Whenever possible, this magazine explores the conundrum facing academics when navigating the uncertain terrain of reconciling an unwavering commitment to a divinely inspired Islam with the obligation to uphold scholarly…

Whenever possible, this magazine explores the conundrum facing academics when navigating the uncertain terrain of reconciling an unwavering commitment to a divinely inspired Islam with the obligation to uphold scholarly standards that apply to writing history in our physical world, not in a metaphysical universe. This situation is particularly acute for Muslims, who have managed, by and large, to stay away from the late nineteenth-century German practice of Religionsgeschichte, which consists of applying a radical historical approach to the study of the New Testament in an attempt to make better sense of the Christian religion.

There are many reasons why academics in Muslim-majority nations are not yet ready to follow in the steps of their German predecessors (not least of which are curricular offerings in universities that make it nearly impossible to study ancient, pre-Islamic cultures, including Christianity and Judaism), so we welcome scholarly attempts by non-Muslims to shed light on the early history of Islam, even if their assumptions and conclusions could be unsettling to most Muslims.
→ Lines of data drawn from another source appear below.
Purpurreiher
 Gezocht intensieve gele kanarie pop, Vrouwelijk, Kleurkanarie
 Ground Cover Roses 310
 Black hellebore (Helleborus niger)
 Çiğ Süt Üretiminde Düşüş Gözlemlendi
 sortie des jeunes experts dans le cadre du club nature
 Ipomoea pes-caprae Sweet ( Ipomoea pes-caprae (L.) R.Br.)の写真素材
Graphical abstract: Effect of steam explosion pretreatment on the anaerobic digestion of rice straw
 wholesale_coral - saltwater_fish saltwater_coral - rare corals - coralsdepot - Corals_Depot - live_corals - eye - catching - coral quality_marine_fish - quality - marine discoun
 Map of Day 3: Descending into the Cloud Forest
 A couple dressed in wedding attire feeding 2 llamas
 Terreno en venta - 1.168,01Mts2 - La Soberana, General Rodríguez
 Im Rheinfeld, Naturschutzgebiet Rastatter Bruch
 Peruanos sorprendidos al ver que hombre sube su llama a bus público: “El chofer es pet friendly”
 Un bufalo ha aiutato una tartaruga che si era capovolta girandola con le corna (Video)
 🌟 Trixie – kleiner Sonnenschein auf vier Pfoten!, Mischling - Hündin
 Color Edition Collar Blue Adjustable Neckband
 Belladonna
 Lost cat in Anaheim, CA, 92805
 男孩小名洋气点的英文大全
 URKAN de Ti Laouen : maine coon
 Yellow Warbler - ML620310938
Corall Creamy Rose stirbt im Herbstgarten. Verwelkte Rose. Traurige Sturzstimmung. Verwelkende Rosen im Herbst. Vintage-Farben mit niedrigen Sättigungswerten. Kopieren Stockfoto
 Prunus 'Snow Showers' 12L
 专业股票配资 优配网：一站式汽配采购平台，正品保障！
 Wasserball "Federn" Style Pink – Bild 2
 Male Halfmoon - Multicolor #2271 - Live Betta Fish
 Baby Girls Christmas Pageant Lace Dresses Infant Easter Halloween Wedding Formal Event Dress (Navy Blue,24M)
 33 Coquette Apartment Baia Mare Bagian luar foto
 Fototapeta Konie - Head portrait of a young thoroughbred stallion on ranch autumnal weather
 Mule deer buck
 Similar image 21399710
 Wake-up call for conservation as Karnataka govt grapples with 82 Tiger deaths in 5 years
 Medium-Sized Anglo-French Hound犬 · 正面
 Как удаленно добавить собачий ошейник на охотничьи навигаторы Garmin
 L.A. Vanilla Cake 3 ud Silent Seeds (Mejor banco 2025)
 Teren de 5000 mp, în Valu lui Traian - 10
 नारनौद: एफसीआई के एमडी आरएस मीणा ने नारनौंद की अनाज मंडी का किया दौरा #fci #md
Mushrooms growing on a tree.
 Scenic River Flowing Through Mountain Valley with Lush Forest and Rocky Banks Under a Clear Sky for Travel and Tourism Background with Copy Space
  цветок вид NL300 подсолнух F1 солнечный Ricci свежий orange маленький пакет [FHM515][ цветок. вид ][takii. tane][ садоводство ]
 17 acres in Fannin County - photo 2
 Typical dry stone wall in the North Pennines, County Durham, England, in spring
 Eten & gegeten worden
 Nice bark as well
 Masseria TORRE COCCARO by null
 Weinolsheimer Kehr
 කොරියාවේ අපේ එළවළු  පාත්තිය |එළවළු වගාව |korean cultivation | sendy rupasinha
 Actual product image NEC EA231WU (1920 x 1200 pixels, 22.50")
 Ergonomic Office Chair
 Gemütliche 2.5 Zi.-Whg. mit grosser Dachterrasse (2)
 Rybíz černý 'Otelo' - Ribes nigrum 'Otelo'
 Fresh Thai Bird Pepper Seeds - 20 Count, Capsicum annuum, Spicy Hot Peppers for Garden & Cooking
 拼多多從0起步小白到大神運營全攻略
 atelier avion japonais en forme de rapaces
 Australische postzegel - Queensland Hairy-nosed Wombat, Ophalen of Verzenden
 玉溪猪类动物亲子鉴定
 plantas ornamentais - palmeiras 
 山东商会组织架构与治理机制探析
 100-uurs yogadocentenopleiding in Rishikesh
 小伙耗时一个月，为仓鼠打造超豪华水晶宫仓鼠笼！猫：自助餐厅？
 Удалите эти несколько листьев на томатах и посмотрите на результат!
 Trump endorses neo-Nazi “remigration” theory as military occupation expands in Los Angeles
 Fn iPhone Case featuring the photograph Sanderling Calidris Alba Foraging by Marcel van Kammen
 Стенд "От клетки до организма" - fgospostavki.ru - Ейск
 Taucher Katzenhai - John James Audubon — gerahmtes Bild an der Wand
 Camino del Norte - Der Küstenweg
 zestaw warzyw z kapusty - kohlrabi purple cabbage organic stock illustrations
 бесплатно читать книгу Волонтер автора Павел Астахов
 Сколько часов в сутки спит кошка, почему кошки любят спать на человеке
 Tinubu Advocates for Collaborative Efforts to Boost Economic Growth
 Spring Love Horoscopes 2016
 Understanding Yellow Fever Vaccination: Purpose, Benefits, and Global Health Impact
In this spirit, I am introducing Stephen Shoemaker’s work on the Quran and the prophecy of Muhammad as elaborated in three of his many books (The Death of a Prophet [2012], Creating the Qur`an [2022], and The Quest of the Historical Muhammad and Other Studies in Formative Islam [2024]) before I conclude with a brief reflection on the issues raised by his approach.

The Death of a Prophet
Creating the Qur’an
The Quest of the Historical Muhammad and Other Studies in Formative Islam

Shoemaker argues for reading the birth of Islam within the context of the late ancient world rather than just seeing it as a sui generis Hijazi phenomenon. Islam has yet to be exposed to the “hermeneutics of suspicion [that] have profoundly affected the modern study of formative Christianity and Judaism” and not rely solely on late Muslim hagiographies (Sira) and sayings of Muhammad (Hadith.) The first account of Muhammad (the Maghazi by Ibn Ishaq [d. 767]), presumably based on the accounts of Ibn Shihab al-Zuhri (d. 742), survives in the Sira of Ibn Hisham (d 833) and al-Tabari’s History. We have no reliable, datable accounts of the Prophet before these accounts. The only thing we have to go by for the first century of Islam is the Qur`an itself, a mostly abstract document that reinterprets Jewish and Christian traditions for Arabs. Muhammad (who is only mentioned four times in this text) appears as an eschatological prophet announcing the imminent coming of the Hour.

Given that the Qur`an pays far more attention to Jewish and Christian themes than it does to the ministry of Muhammad, the Qur`an, Shoemaker argues, “is best understood as a biblical apocryphon with a powerful message of eschatological urgency, repentance, and restoration.” Looked at in this fashion, the Qur`an, and by implication Islam itself, is an Arab expression of—not a radical rupture with—the Biblical tradition. This would explain why Jesus, not Muhammad, is the awaited Messiah whose return would herald the world’s end.

A few scattered seventh-century non-Muslim accounts appear to allude to a new conquering self-declared prophet announcing the return of the Messiah. In Doctrina Iacobi (July 634), a generally reliable Greek account dealing with the conversion of Jews to Christianity, one Justus related that his brother Abraham told him that “a false prophet has appeared” among the Saracens to preach “the arrival of the anointed one who is to come, the Messiah.”  An old man (presumably also a Jew) groaned that such a prophet is false because “prophets do not come with a sword and a war chariot.” When Abraham looked into this matter, he was told by the people who had met Muhammad “that one will find no truth in the so-called prophet, only the shedding of human blood.  In fact, he [the false prophet] says he has the keys of paradise.”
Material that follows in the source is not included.